9hz: What guitar gear do you use?
Brant: I enjoy lots of different things, I have some old Marshall’s that I like to play, early-70’s heads, it really depends on what music I’m playing really, if I’m playing something that’s a little more on top and funky, I’ll use Fender amps, I like Fender Stratocasters too I have some nice old S.G’s too. I prefer Stratocasters as I can get a much more percussive feel from them.
9hz: Do you find Stratocasters are more user-friendly?
Brant: I guess everyone has their own definition of what user-friendly is, I like to work hard to get something to perform, and I like that aspect to it. If it plays itself really well then I have a tendency to get despondent. Like Gibson Les Paul’s play so well,
I just can’t seem to get along with them. I like to bang on shit.
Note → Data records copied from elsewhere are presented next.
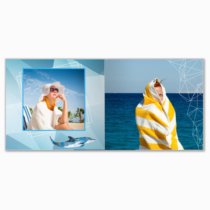 Печать принтбука 21х21 на мелованной бумаге в твёрдой обложке с загрузкой изображений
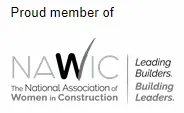 Proud member of The National Association of Women in Contruction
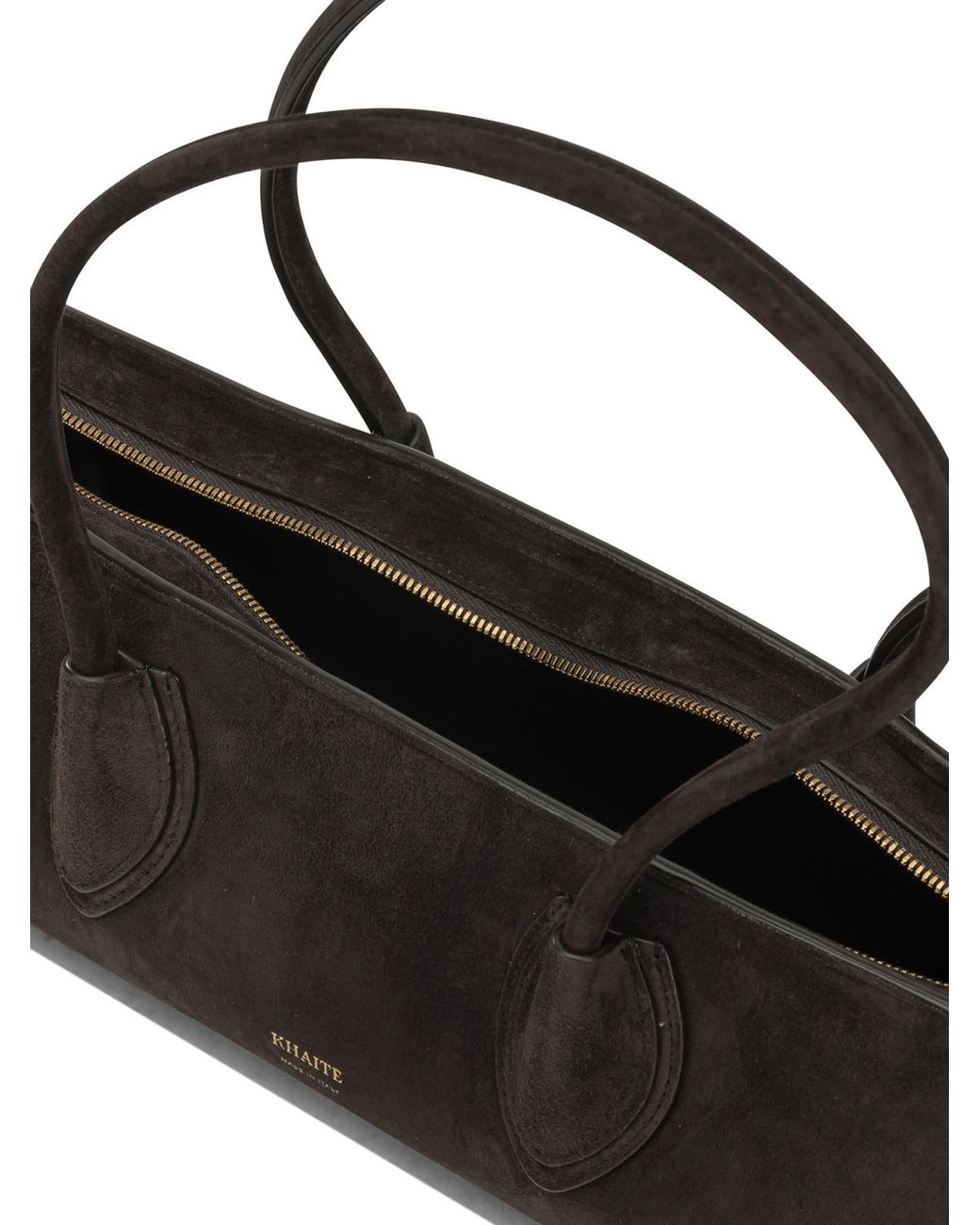 Khaite Black "Donna" Medium Shoulder Bag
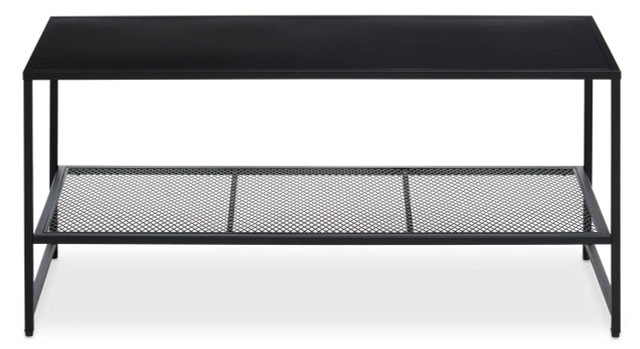 Premier Housewares Acero Black Metal Coffee Table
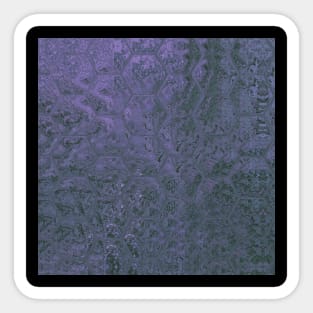 Purple Marble Honeycomb Pattern Sticker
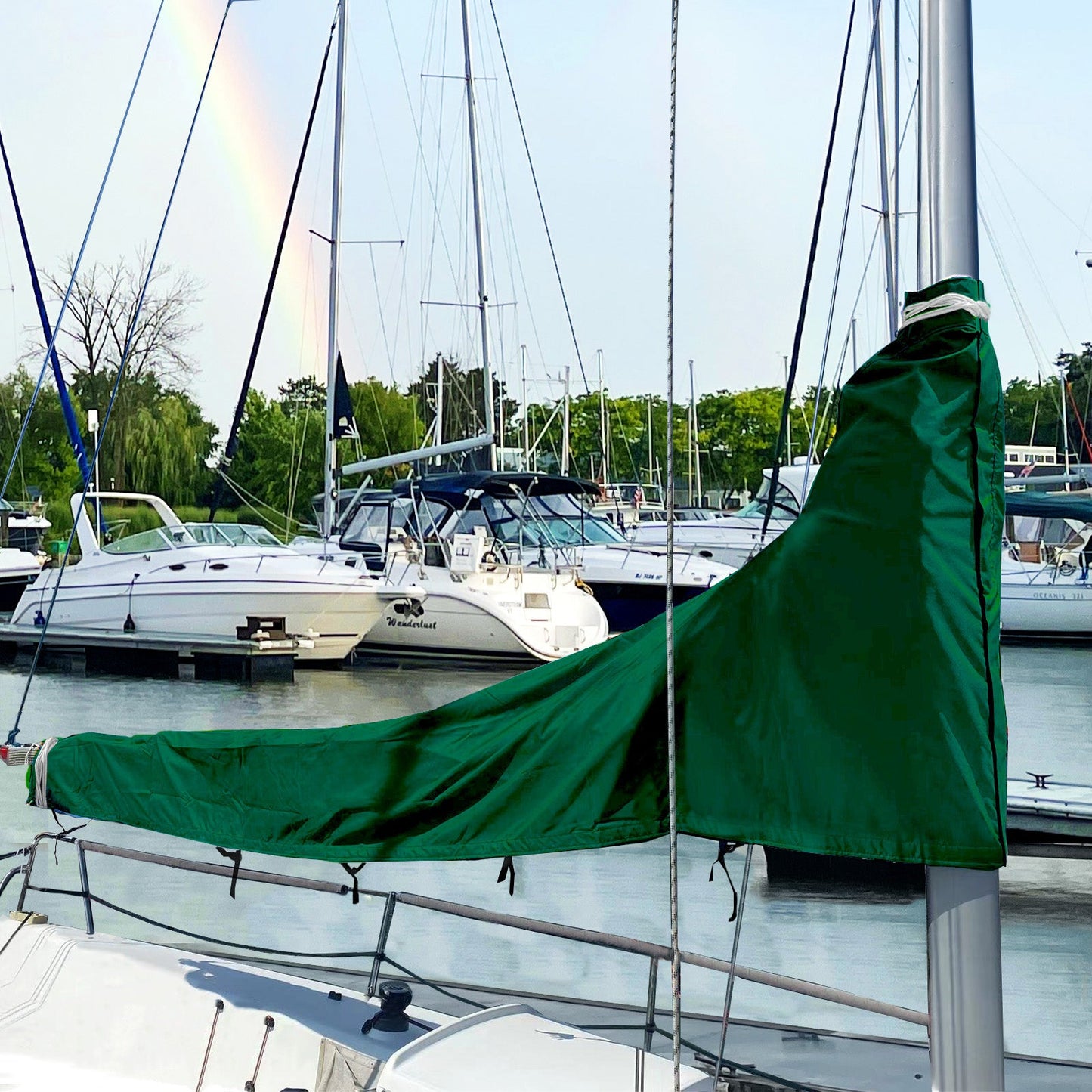 Savvycraft Waterproof Sailboat Mainsail Boom Cover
9hz: How do you feel about the wave of bands that formed in the wake of Kyuss?
Brant: Yeah, well I think, I have to assume that what I have experienced that Kyuss did this thing and when you start a thing, each generation kind of takes from it, pulls from it and kind of responds to it and builds on it. That thing ends up evolving or devolving depending on your opinion.
I grew up on hardcore punk and there was a time when punk was like Black Flag, DOA, The Circle Jerks and shit like that, whereas now you go ask a fuckin’ 13 or 14 year old what they think the hottest punk rock is and I guarantee it won’t be that, there may be some parallels but it certainly won’t be punk rock.
What stoner rock is today, I don’t know. I’d assume a lot of it is maybe a more commercial style? I don’t know, but then I hear a band like that Uncle Acid and it’s like, wow. I really like that they are all about their own trip, you can hear it in the production of their records.
Kyuss to me, we were just like, I guess we weren’t commercially motivated, or at least I wasn’t. Stoner rock to me is just hard rock that isn’t commercial at all and I guess, I’m not saying commercial music is bad, it’s just not the spirit that we had, where that spirit is today, I don’t know.
9hz: When is your new record coming out?
Brant: Oh, I have a couple of records that are on the shelf, one is an instrumental record that is kind of more jazz-funk based. I don’t know, sometimes I get in the studio and I kind of get like inspired to do something that I didn’t necessarily go in there to do.
It’s kind of weird man, I just made this record, it’s cool, I don’t know when I’m going to release it, I want to release it soon but then I’ve been saying that for three years! Hopefully, early next year I’ll release it. I’m just really enjoying the Vista Chino situation. I am getting itchy as a solo artist though.